Je n’ai pas l’habitude de lire des polars, ce n’est pas mon genre préféré il est vrai, mais plonger dans un Khadra, c’est s’assurer un voyage littéraire incomparable. Et puis L’Outrage fait à Sarah Ikker est-il vraiment un polar finalement ? Je ne crois pas. Yasmina Khadra lui-même évoque « une enquête conjugale ». Oui, résolument. Un thriller psychologique ? Sans aucun doute. Un très bon roman. La chose est avérée.
« Sarah aurait tant aimé que son mari se réveille et qu’il la surprenne penchée sur lui, pareille à une étoile veillant sur son berger. Mais Driss ne se réveillerait pas. Restitué à lui-même, il s’était verrouillé dans un sommeil où les hantises et les soupçons se neutralisaient, et Sarah lui en voulait de se mettre ainsi à l’abri des tourments qui la persécutaient. Aucun ange ne t’arrive à la cheville, lorsque tu dors, mon amour, pensa-t-elle. Pourquoi faut-il qu’à ton réveil tu convoques tes vieux démons, alors qu’il te suffit d’un sourire pour les tenir à distance ? ». Couple comblé, Sarah et Driss Ikker mènent la belle vie à Tanger jusqu’au jour où l’outrage s’invite à leur table. Dès lors, Driss n’a plus qu’une seule obsession : identifier l’intrus qui a profané son bonheur conjugal. ».
J’aime les débuts de Khadra, in medias res, une plongée au coeur de l’action, directement en phase avec le personnage principal. En deux ou trois phrases bien balancées, vous vous laissez embastiller dans les filets du romancier. Pas de lutte possible. L’écriture est fluide, les ressorts romanesques simples mais toujours efficaces et, must du must, l’engagement de l’auteur est là où on l’attend le moins.

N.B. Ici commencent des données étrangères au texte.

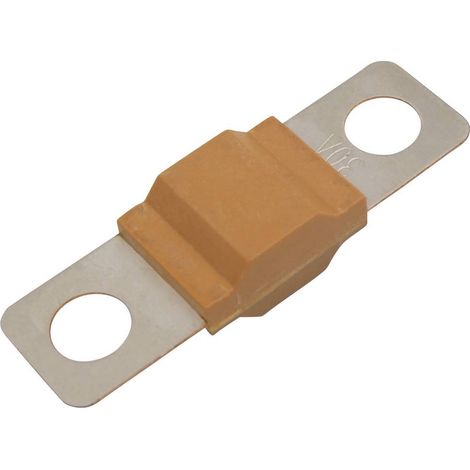 TRU COMPONENTS TC-13545872 Fusibile 30 A 80 V/DC Contenuto 10 pz. Bulk (1/2)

Tanger. La corruption. La violence policière. La manipulation. Les vices. La débauche. La prostitution. Les ripoux. Les pourris.Et les femmes. Intenses. Sarah Ikker. La diva cougar. La bonne copine Narimène.
Au delà de l’enquête menée par Driss Ikker, un vrai questionnement sur la condition féminine en Afrique du Nord se profile. Le droit à la parole. Le droit à la séduction. Le droit au plaisir. Le droit à l’amour. Et si, pour ces femmes-là, tout n’était finalement que devoir ?
Le tome 1 est rapide, implacable, douloureux. Du pur Khadra. Sans faux semblant. Sans fioriture. Rude et râpeux. On attend le tome 2 de la trilogie marocaine avec une impatience non dissimulée. Moi en tout cas.
En attendant Khadra …
Je finirais par une petite anecdote sur le nom de plume de Yasmina Khadra qui, vous le savez, n’est pas une femme. Il a emprunté ce prénom à son épouse – Yamina – pour la remercier de le soutenir. Un petit côté Columbo qu’on ne peut qu’adorer en secret non ?
« Mon épouse m’a soutenu et m’a permis de surmonter toutes les épreuves qui ont jalonné ma vie. En portant ses prénoms comme des lauriers, c’est ma façon de lui rester redevable. Sans elle, j’aurais abandonné. C’est elle qui m’a donné le courage de transgresser les interdits. Lorsque je lui ai parlé de la censure militaire, elle s’est portée volontaire pour signer à ma place mes contrats d’édition et m’a dit cette phrase qui restera biblique pour moi : “Tu m’as donné ton nom pour la vie. Je te donne le mien pour la postérité » ».
Cette explication ne pouvait pas ne pas m’enchanter…
L’Outrage fait à Sarah Ikker de Yasmina Khadra , Editions Julliard, 2 mai 2019.